Tra ingiusta detenzione ed errori giudiziari, in Italia c’è una media di circa mille casi all’anno… «Una enormità e tempi biblici per appurare la verità. Io ho avuto la fortuna di trovare i difensori giusti, Giacomo Francini e Michele Galasso, che sono diventati i miei santi protettori. E devo un grazie ai giudici che hanno riscontrato la mia assoluta onestà, la mia limpidezza. Ma diciassette anni stroncano l’esistenza di chiunque».

Nel 2020, lo Stato ha pagato 37 milioni per questi clamorosi abbagli. «Lascerò che siano i miei legali a guidarmi, saranno loro a indirizzarmi dentro i grovigli tecnici. Io ora mi godo questo momento, sensazioni che non mi appartenevano più, perché ormai stavo completamente immerso dentro le carte, le leggevo, rimanevo incredulo per le accuse. Ora l’incubo si è sgretolato, me ne sto con la mia famiglia, la mia àncora di salvezza».

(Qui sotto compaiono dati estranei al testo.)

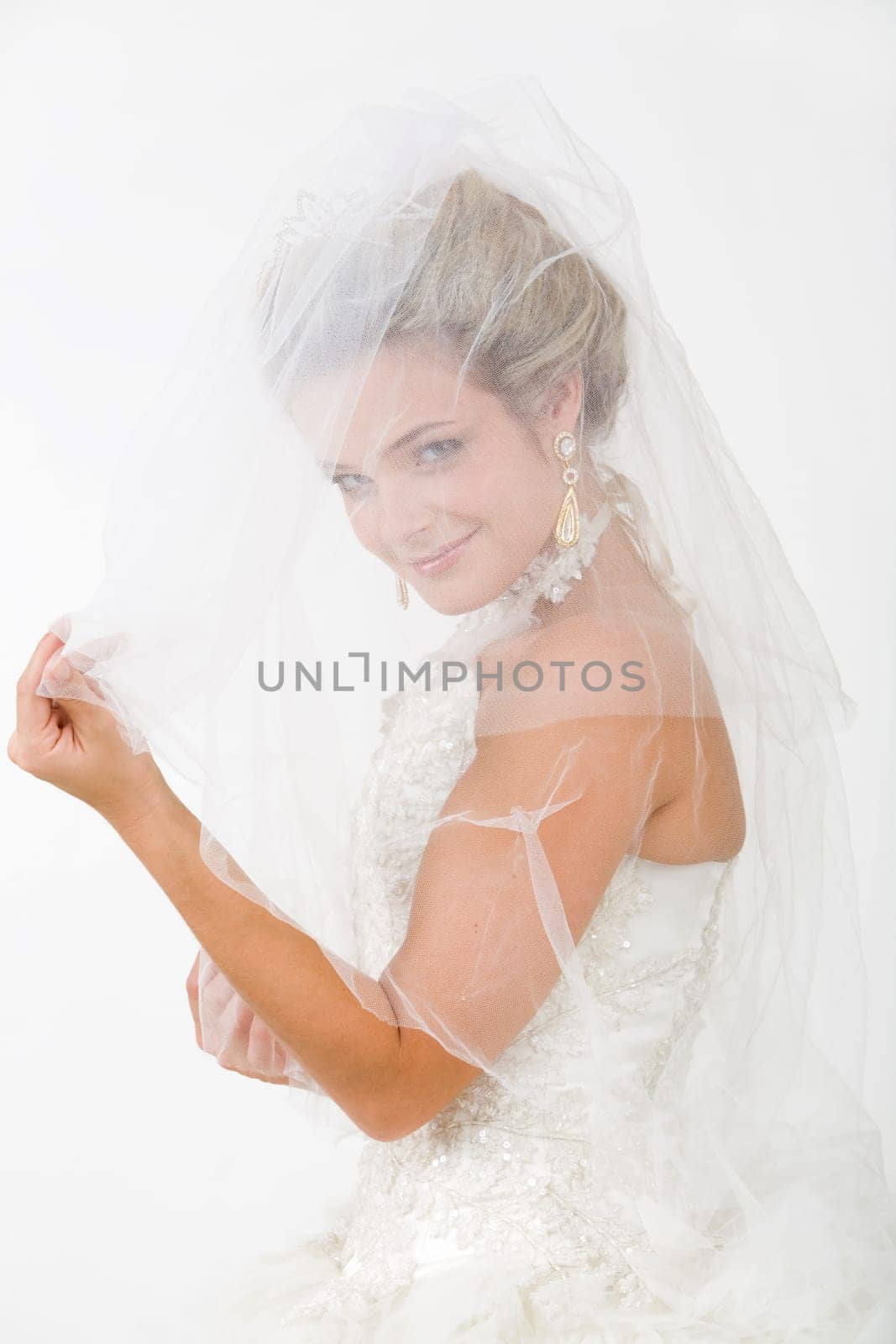 Portrait of happy bride looking at camera with smile through her veil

Suo figlio Denis ha 31 anni, porta il nome del suo compagno di stanza Bergamini, scomparso 34 anni fa. «Glielo dico sempre, a mio figlio: è un nome importante. Eravamo insieme al Cosenza, mi stette vicino quando saltò il mio trasferimento alla Fiorentina, eravamo giovani, sognavamo. Sono stato al processo a testimoniare, mi auguro che i suoi – in attesa dal 1989 – possano conoscere la verità sulla sua morte».

Padovano a venti anni va a Cosenza, a trenta vince la Champions, a 40 si ritrova demolito. «L’immagine dell’arresto mi ha fatto compagnia ogni sera, quando cercavo di addormentarmi, e ogni mattina, quando mi svegliavo. Mi sentivo Pablo Escobar. In quell’istante, è stata fatta tabula rasa di Michele Padovano: non esistevano i successi, la felicità della finale di Roma contro l’Ajax, i gol al Napoli di Maradona, i suoi complimenti, poi la maglia della sua squadra. Non c’era più niente. Io sono stato disintegrato ma dovevo rialzarmi, non potevo arrendermi: lo dovevo ai miei, a me stesso, alla gente che credeva in me».

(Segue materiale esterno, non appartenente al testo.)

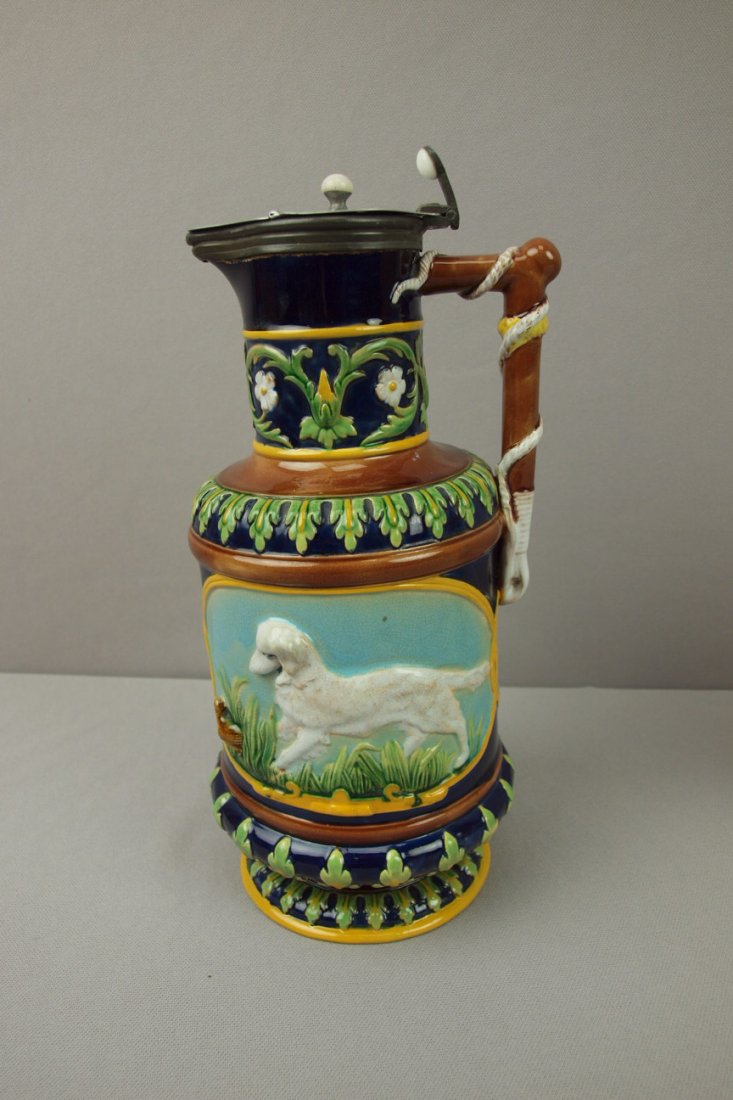 GEORGE JONES cobalt majolica hunt jug with bird d: GEORGE JONES cobalt majolica hunt jug with bird dog and bird on one side and fox and rabbit on the other, pewter top, 10"h, professional repair to base rim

Ne ha trovato? «Paradossalmente, quando ho ricominciato ad uscire, dopo la detenzione, mi rincuorava l’affetto della gente, di chi era stato mio tifoso o anche no, di chi aveva percezione della mia natura, quindi della mia innocenza. Mentre il calcio mi ha chiuso le porte in faccia, a volte me le ha sbattute. C’era diffidenza, pregiudizio, io l’avvertivo e non me ne facevo una ragione quando riflettevo: ma come, mi hanno conosciuto, mi hanno frequentato, sanno chi sono! Però questo è il passato, lo lascio alle spalle. Ho avuto il coraggio di resistere all’infamia dell’arresto e di una condanna ingiusta, non cerco rivincite».

Ricominciare cosa significa? «Non so. Io a quarant’anni sapevo cosa avrei voluto fare da grande: avevo cominciato la carriera da manager, mi piaceva costruire qualcosa, metterci le mie conoscenze. Sono sempre stato affamato di calcio, l’altro ieri ho visto una gara di under 15 a Bergamo; dalla Champions ai Dilettanti, vedo di tutto. Magari faccio in tempo a ripartire. Ma la priorità sono mia moglie e mio figlio».

È giusto chiederle se è finalmente felice? «La cicatrice sta lì, perché stiamo parlando di diciassette anni bruciati, con conseguenze emotive che lasciano strascichi. Ma sono felice, posso dirlo. Voglio rivivere».